Integrating multi-level normalization and graph convolutions for robust EEG-based deception detection
摘要
Electroencephalography (EEG)-based deception detection provides a promising alternative to conventional polygraph methods by directly measuring neural activity with millisecond-level temporal precision. This paper presents an end-to-end framework that integrates a rigorous preprocessing pipeline with a graph convolutional neural network (GCNN)-based feature extractor and a deep learning classifier to distinguish truthful from deceptive responses. EEG signals were segmented into overlapping epochs to preserve temporal dynamics and increase the number of training samples. To prevent data leakage, all epochs originating from the same trial were assigned exclusively to a single data partition.
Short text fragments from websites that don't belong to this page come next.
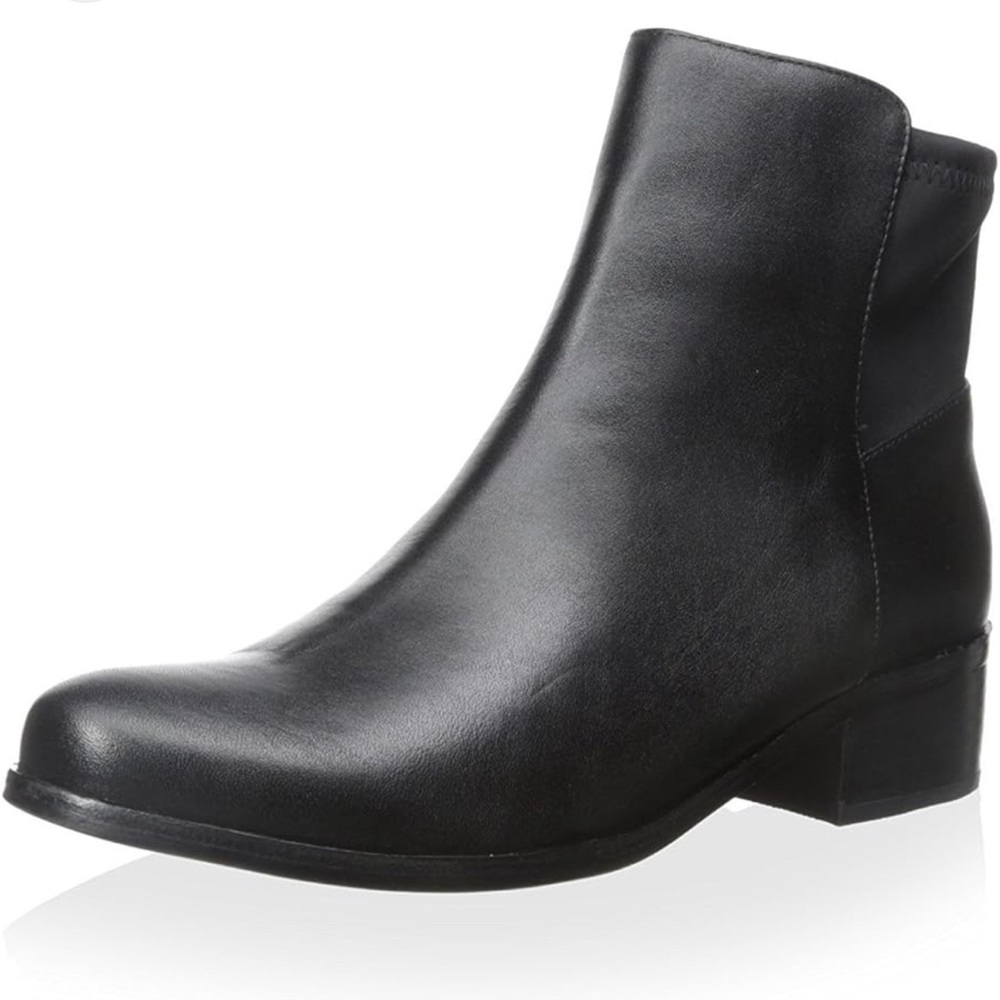 Aqua Diva black leather boots size 36 US 5.5 Wembley boots waterproof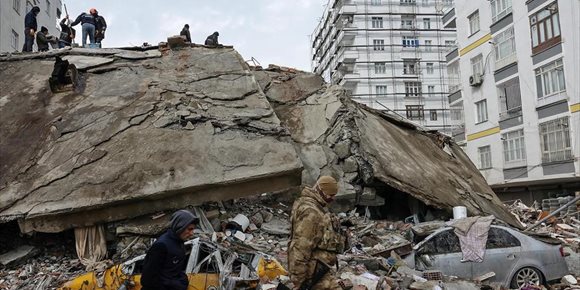 3. El primer terremoto de Turquía pudo dar el empujón final al segundo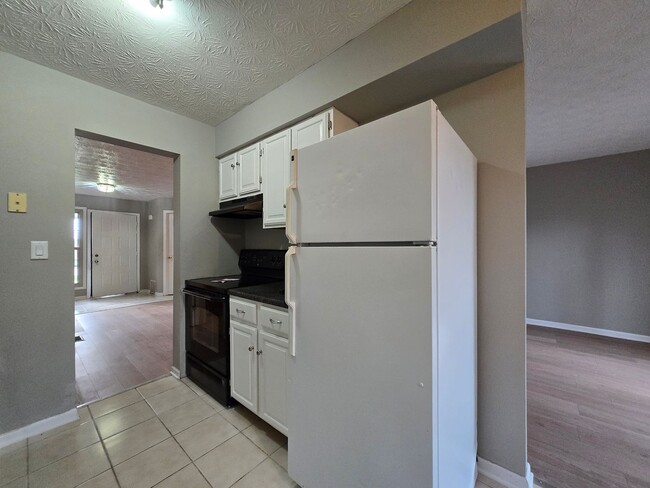 Building Photo - 3 Bedroom, 2.5 Bath Townhouse in Beavercreek!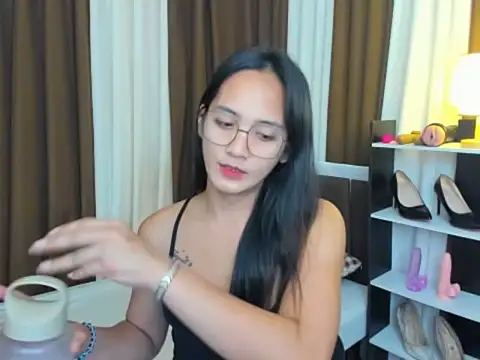Snapshot of URHottestAngel chatting on September 15, 2025, 5:02 pm URHottestAngel online show from September 15, 2025, 5:02 pm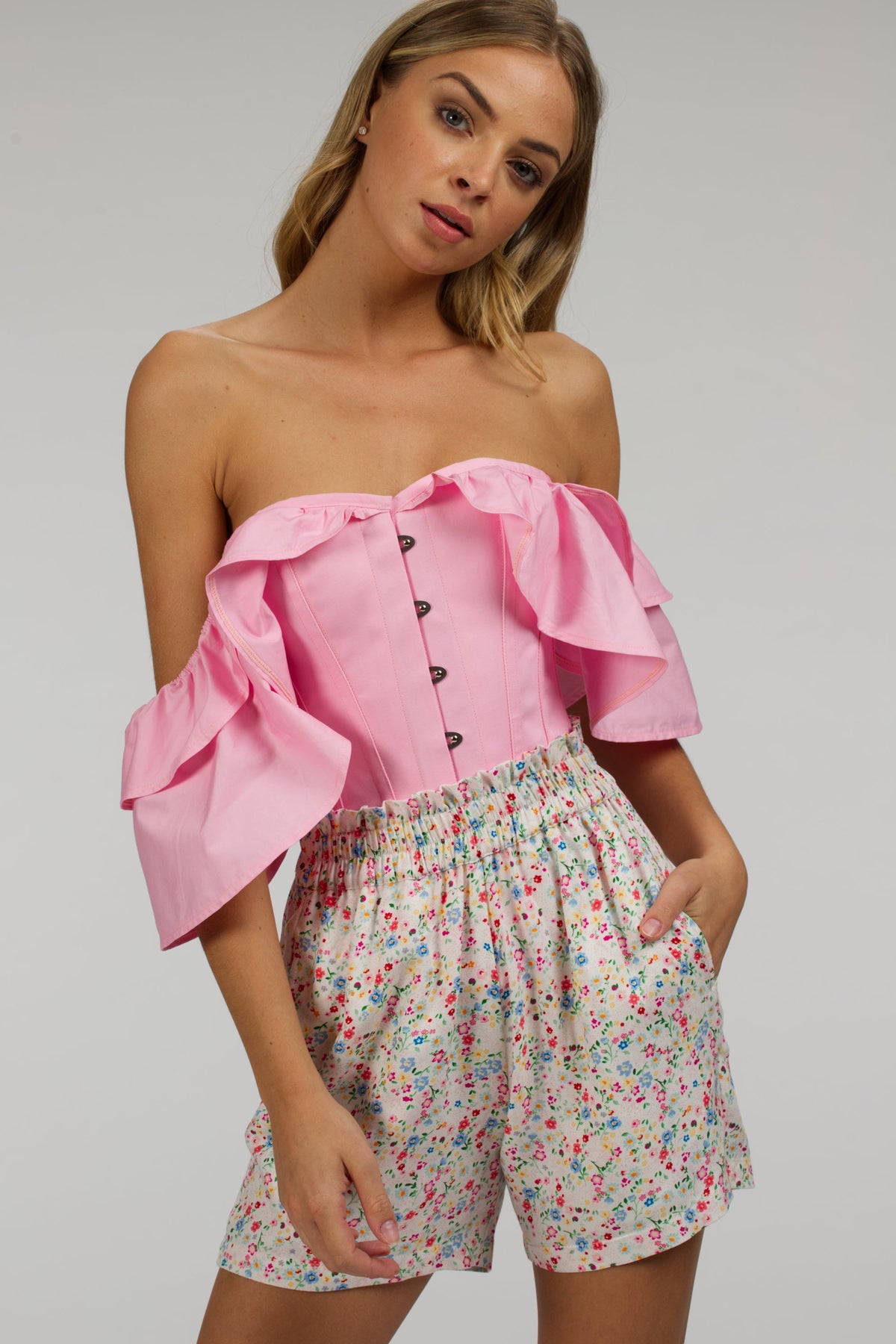Calla Ditsy Viscose Elasticated Paperbag Shorts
A two-stage normalization strategy was employed, consisting of subject-wise standardization to reduce individual baseline differences and domain-invariant normalization to minimize inter-subject variability. To improve robustness and generalization, Gaussian noise injection and channel dropout were incorporated as data augmentation techniques. Unlike conventional convolutional neural networks (CNNs), which primarily capture local temporal dependencies, the proposed GCNN explicitly models the EEG electrode configuration as a graph, where nodes represent channels and edges encode spatial proximity and functional connectivity. Through graph convolution operations, information is propagated across neighboring electrodes, enabling the extraction of both local and global neural patterns relevant to deception detection. The classification stage employs a multi-layer perceptron (MLP) that transforms the learned GCNN representations into class probabilities, with dropout regularization and early stopping applied to mitigate overfitting. To evaluate cross-subject generalization, a leave-one-subject-out (LOSO) validation strategy was adopted, where data from each subject were held out for testing while the model was trained on the remaining subjects. Performance was assessed using accuracy, precision, recall, and F1-score across all LOSO folds. Experimental results demonstrate that the proposed framework effectively captures discriminative spatiotemporal EEG patterns with 81% accuracy on a private dataset and 84.9% accuracy on the publicly available LieWaves dataset, and provides robust performance for subject-independent deception detection, highlighting the potential of GCNN-based architectures for EEG-based lie detection.